Write this resulting text into a plain text file, and you have a non-ruby, non-HTML, metadata-free, whitespace-delimited Aozora text! Although you have to still download all the Aozora files individually and then do what you will with the resulting individual text files, it’s an easy way to pre-process this text and get it ready for tool-based (and also your-own-program-based) text analysis.
I plan to put the script on GitHub for your perusal and use (and of course modification) but for now, check it out on my Japanese Text Analysis research guide at Penn.
It’s come to my attention that Fukuzawa Yukichi’s (and others’) early Meiji (1868-1912) journal, Meiroku zasshi 明六雑誌, is available online not just as PDF (which I knew about) but also as a fully tagged XML corpus from NINJAL (and oh my god, it has lemmas). All right!
I recently met up with Mark Ravina at Association for Asian Studies, who brought this to my attention, and we are doing a lot of brainstorming about what we can do with this as a proof-of-concept project, and then move on to other early Meiji documents. We have big ideas like training OCR to recognize the difference between the katakana and kanji 二, for example; Meiji documents generally break OCR for various reasons like this, because they’re so different from contemporary Japanese. It’s like asking Acrobat to handle a medieval manuscript, in some ways.
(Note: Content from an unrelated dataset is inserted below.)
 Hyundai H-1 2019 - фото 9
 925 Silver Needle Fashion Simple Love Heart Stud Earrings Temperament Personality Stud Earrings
But to start, we want to run the contents of Meiroku zasshi through tools like MALLET and Voyant, just to see how they do with non-Western languages (don’t expect any problems, but we’ll see) and what we get out of it. I’d also be interested in going back to the Stanford Core NLP API and seeing what kind of linguistic analysis we can do there. (First, I have to think of a methodology. :O)
In order to do this, we need whitespace-delimited text with words separated by spaces. I’ve written about this elsewhere, but to sum up, Japanese is not separated by spaces, so tools intended for Western languages think it’s all one big word. There are currently no easy ways I can find to do this splitting; I’m currently working on an application that both strips ruby from Aozora bunko texts AND splits words with a space, but it’s coming slowly. How to get this with Meiroku zasshi in a quick and dirty way that lets us just play with the data?
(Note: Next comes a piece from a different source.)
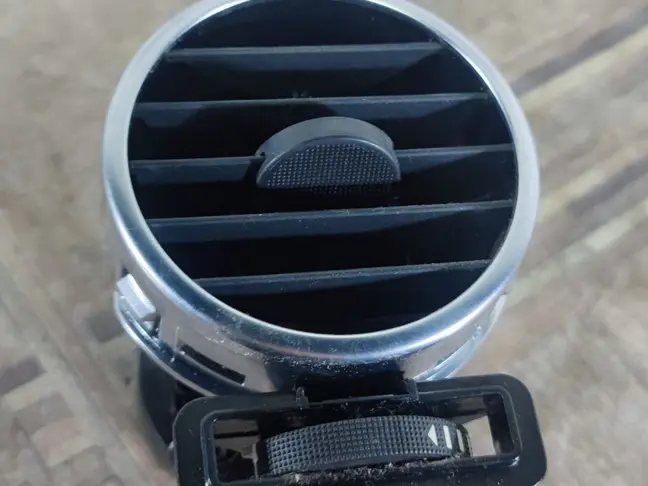 Дефлектор воздушный правый центральный Discovery 3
So today after work, I’m going to use Python’s eTree library for XML to take the contents of the word tags from the corpus and just spit them into a text file delimited by spaces. Quick and dirty! I’ve been meaning to do this for weeks, but since it’s a “day of DH,” I thought I’d use the opportunity to motivate myself. Then, we can play.
Exciting stuff, this corpus. Unfortunately most of NINJAL’s other amazing corpora are available only on CD-ROMs that work on old versions of Windows. Sigh. But I’ll work with what I’ve got.
So that’s your update from the world of Japanese text analysis.